Publisher John Wiley & Sons, Inc., US, has announced that its open access option for individual journal articles, OnlineOpen, will be available to authors in 81 percent of the journals it publishes. OnlineOpen gives authors the option to publish an open access paper in their journal of choice where it will benefit from maximum impact.

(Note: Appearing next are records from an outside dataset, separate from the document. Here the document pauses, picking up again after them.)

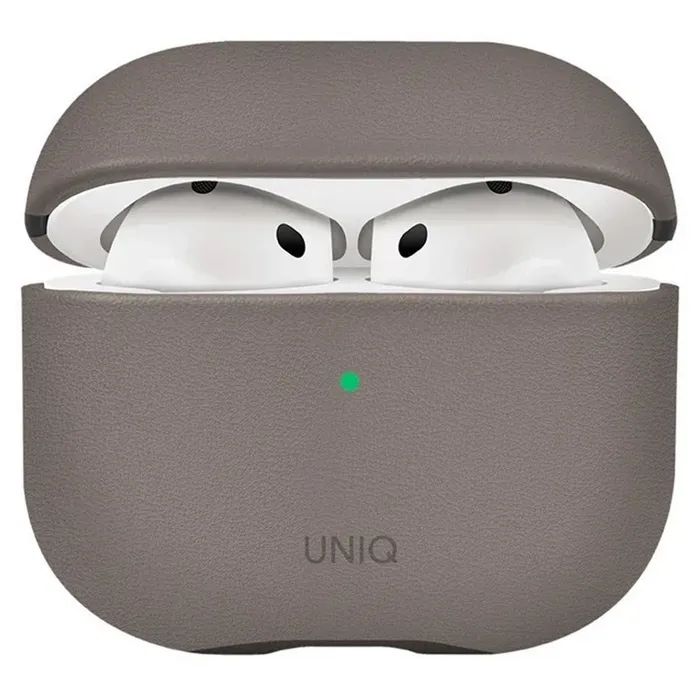 Чехол для наушников Uniq Lyden DS AirPods 4 Dallas Black (8886463691328)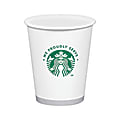 Starbucks® We Proudly Serve Cups, Hot & Cold, 12 Oz, White, Carton Of 1,000 1 thumbnail image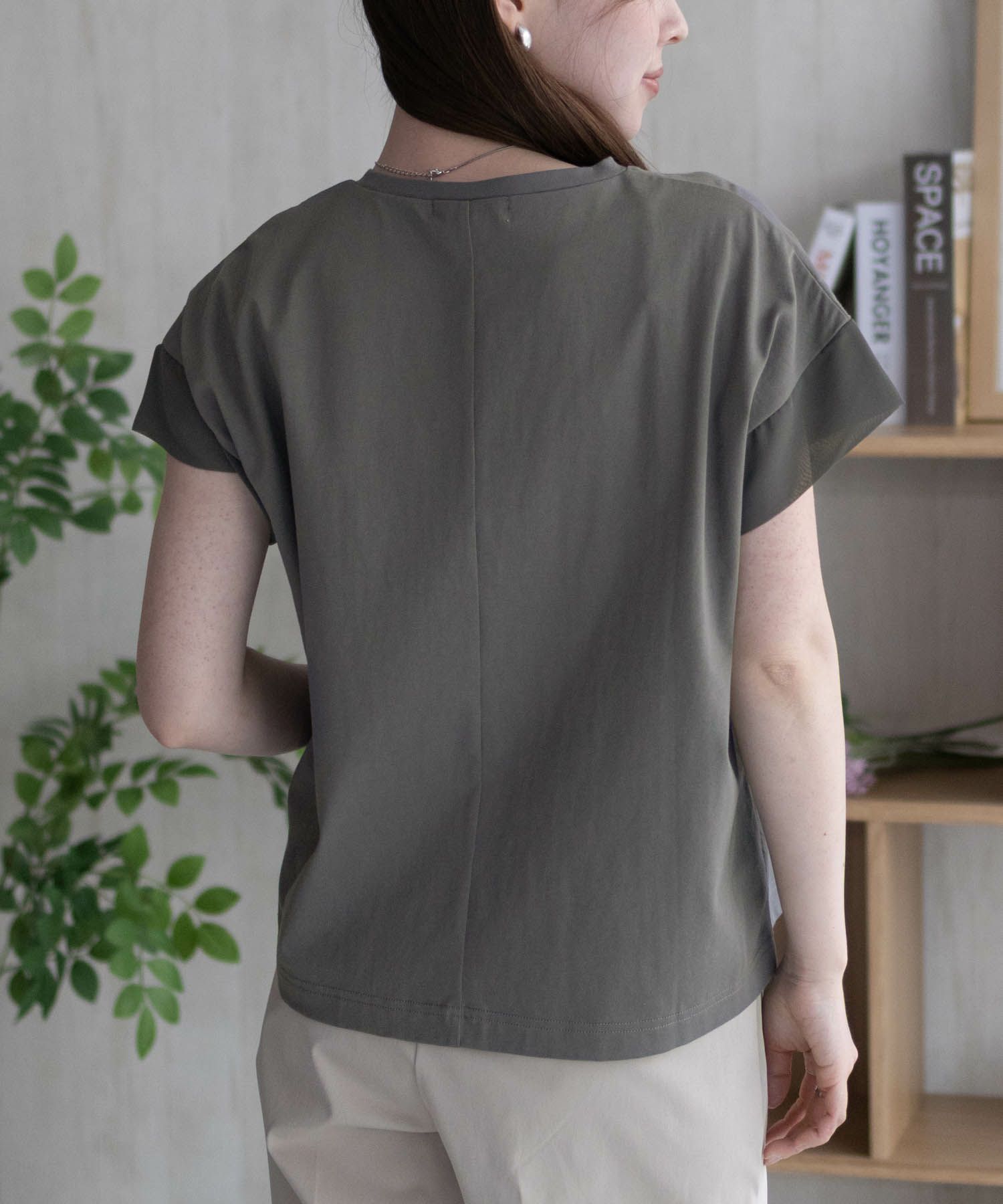 HusHusH  袖切替プルオーバー レディース メール便 対応商品商品画像-9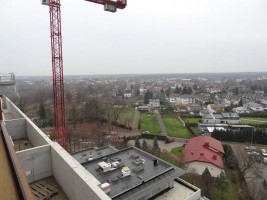 widok z ostatnich pięter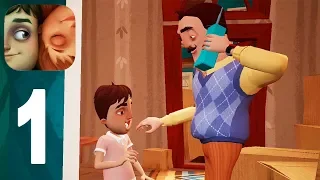 Hello Neighbor: Hide & Seek - Walkthrough Gameplay Part 1 - Stage 1 (IOS ANDROID)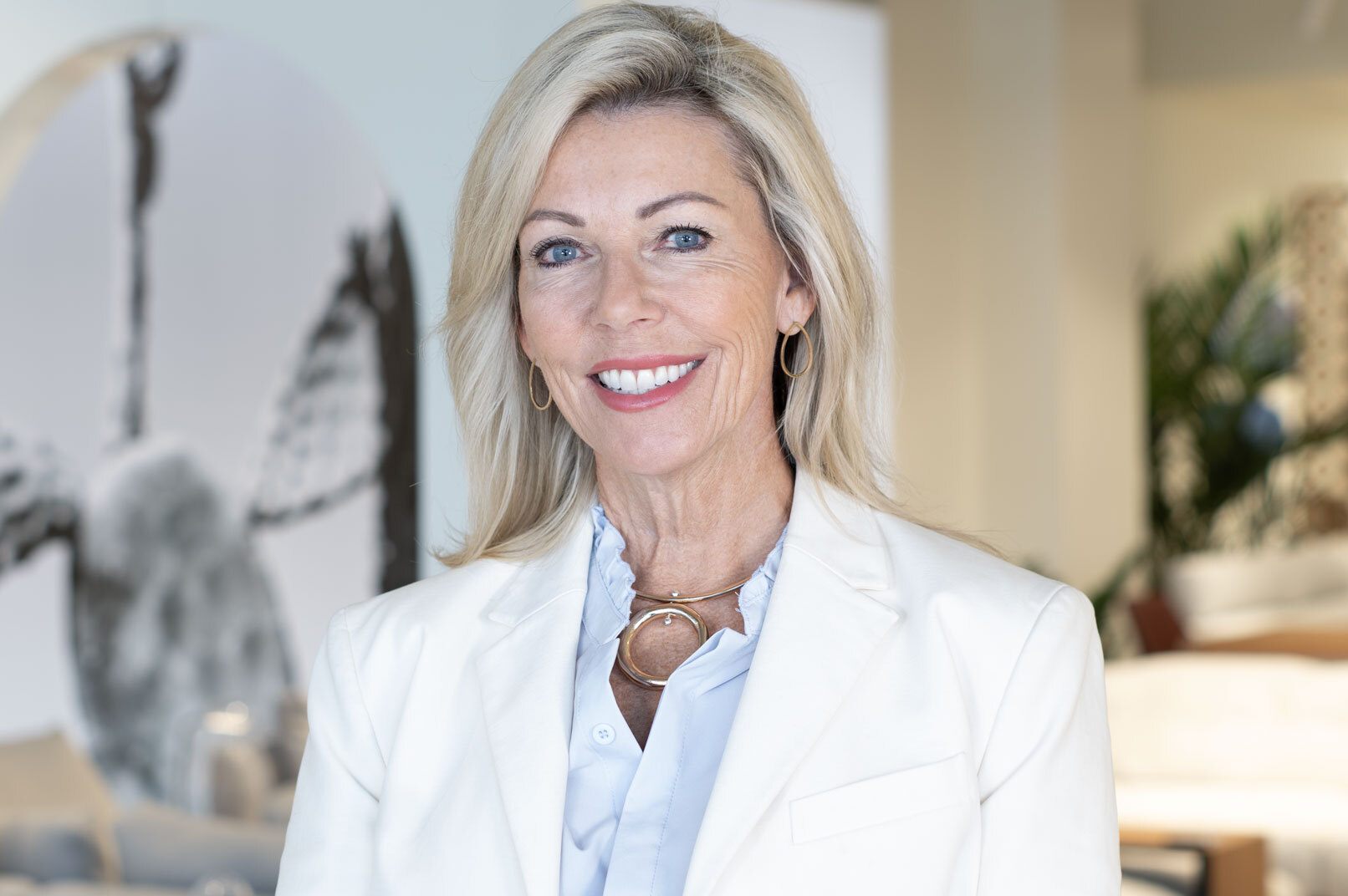 Kate McGrory Natuzzi Italia Fort Worth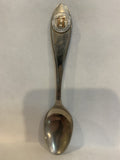 Heritage Park Calgary Canada Logo Souvenir Spoon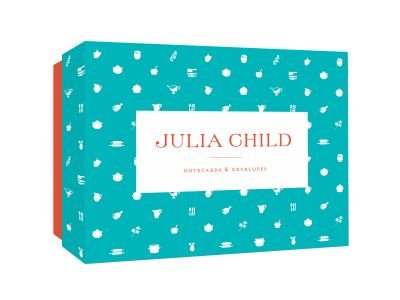 Cover for Princeton Architectural Press · Julia Child Notecards (Flashkort) (2021)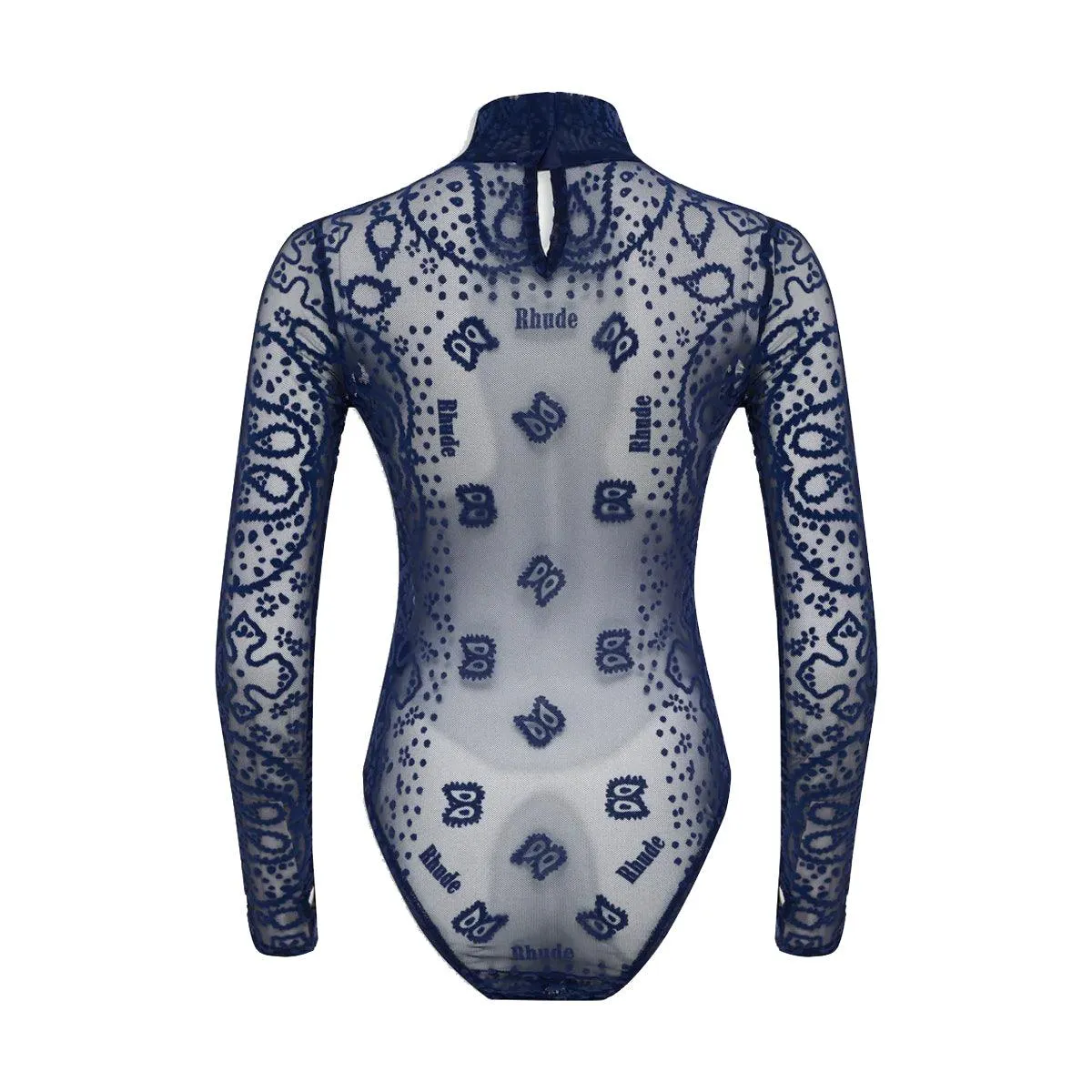 Wmns Bandana Body Suit 'Navy'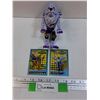Image 1 : Digimon - Bandai WereGarurumon, (2) Digimon: MetalGreymon & Angemon Trading Cards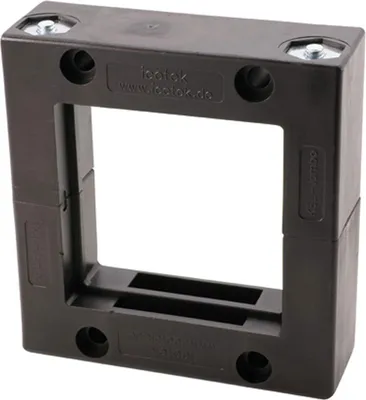 Produktbild von icotek  Kabeleinführungsleiste Jumbo KEL-JUMBO/01 für Kabeltülle 1 Jumbo Anschraubloch 56,5mm x 100,5mm Bohrung 4x7,0mm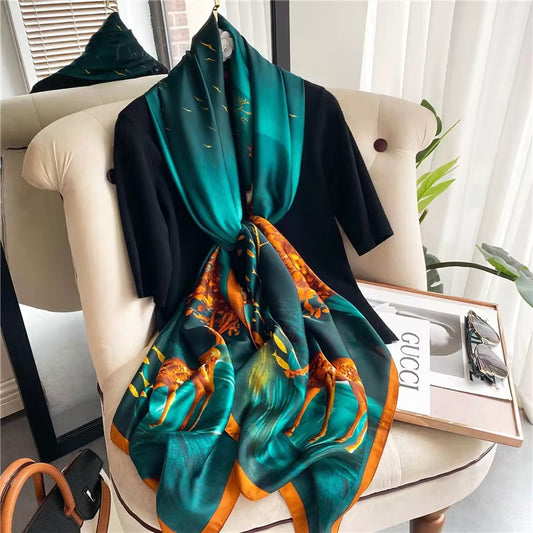 Bailey's Luxury Silk Scarf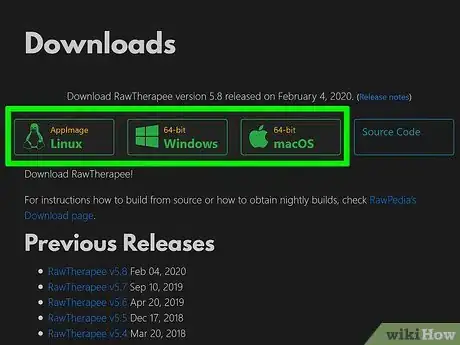 Image titled Convert Raw Files to JPG Step 2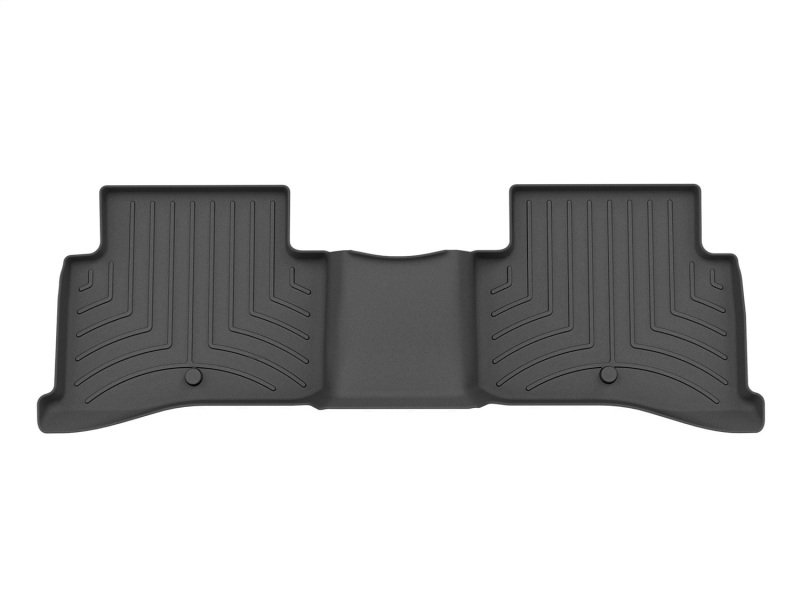Picture of WeatherTech WT 3D FloorMat-Rear-Blk Floor Mats - 448162IM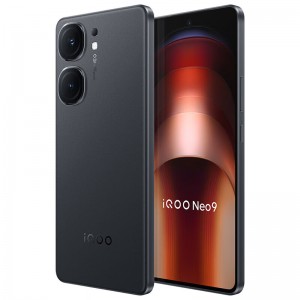 vivo iQOO Neo9 12GB+256GB 格斗黑 第二代骁龙8旗舰芯 自研电竞芯片Q1 IMX920 索尼大底主摄 5G手机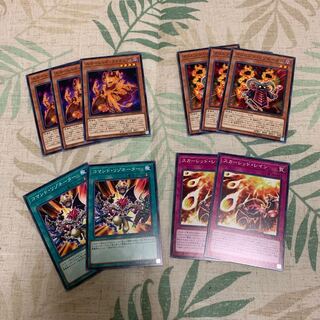 リゾネーターデッキパーツ　クリムゾンリゾネーター　スカーレッドファミリア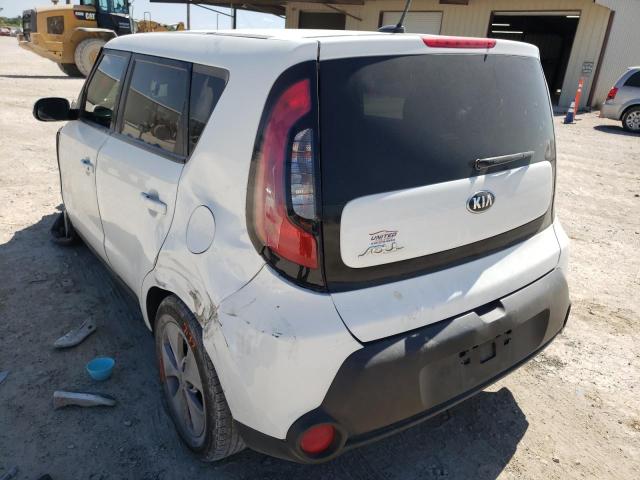 Photo 3 from auction – 2015 KIA SOUL with VIN KNDJN2A28F7158281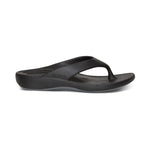 Aetrex Sandals 5 / M / Black Aetrex Womens Maui Sandals - Black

OnlineOpen, Wiley’s hybrid open access model for subscription journals launched in 2004, is available to authors of primary research articles who wish to make their article available to non-subscribers on publication, or whose funding agency requires grantees to archive the final version of their article. As of July 2012, OnlineOpen is available in over 1200 subscription journals.
In addition to OnlineOpen, Wiley launched Wiley Open Access, a fully open access journal programme, in early 2011. The portfolio includes eleven journals, with additional journals scheduled to launch later in the year. Wiley Open Access provides open access publication in peer-reviewed journals where all published articles are immediately freely available to read, download and share.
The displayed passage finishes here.